Final Four homecoming: Butler will play in Indy after upsetting Kansas St.

3/28/2010
ASSOCIATED PRESS

SALT LAKE CITY - Every day they walk into practice, they also walk onto a movie set - the one where they filmed the story about the little team that gets its big chance and lives out the unthinkable dream.

That's the story of Hoosiers.

That's also the story of Butler - the team that's reminding everyone that big schools with big money don't have a monopoly on everything in big-time sports.

Yes, the boys from Butler did it - getting 22 points from Gordon Hayward to defeat Kansas State 63-56 in the West Regional final yesterday and advance to the Final Four.

Next, the Bulldogs take their 24-game winning streak to downtown Indy. Though only five miles from the Butler campus, it's hard to think of many programs that have taken a longer, more unlikely road to get this close to a championship.

"It'd be just as cool if we moved it to Hinkle,"

Butler coach Brad Stevens said of his team's fieldhouse.

No such luck.

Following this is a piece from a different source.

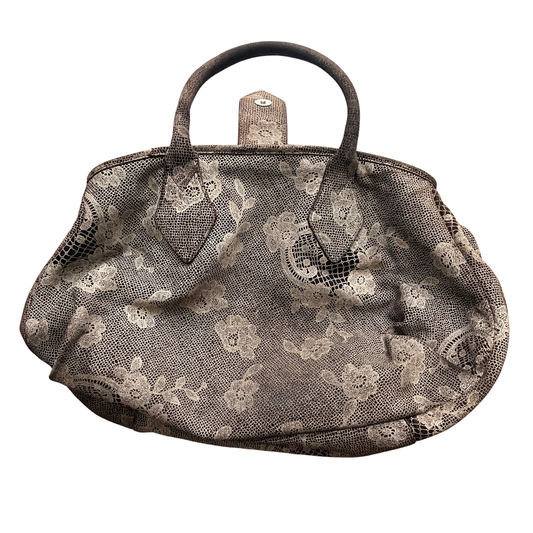 Vivienne Westwood Large Sized Brown Lace Pattern Orb Bag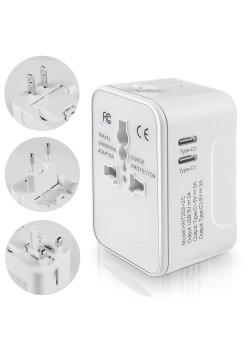 Adaptor pentru Priza 2 x USB-C, EU, UK, AUS, US - Techsuit (HHT202-2C) - White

Still, the fifth-seeded Bulldogs (32-4) are writing their own underdog story, even if they can't really be called underdogs anymore.

Shelvin Mack scored 16 and Ronald Nored and Willie Veasley keyed an in-your-face defensive effort on K-State guards Jacob Pullen and Denis Clemente to help Butler become the first school from a true, mid-major conference to make the Final Four since George Mason in 2006 - a trip that also ended in Indianapolis.

Trailing almost the entire game, No. 2 Kansas State (29-8) rallied to tie it at 54 with 3:09 remaining.

But Butler didn't fold, it only got better. The Bulldogs scored the next nine points to seal the game before Pullen's shot at the buzzer dropped - but offered no consolation.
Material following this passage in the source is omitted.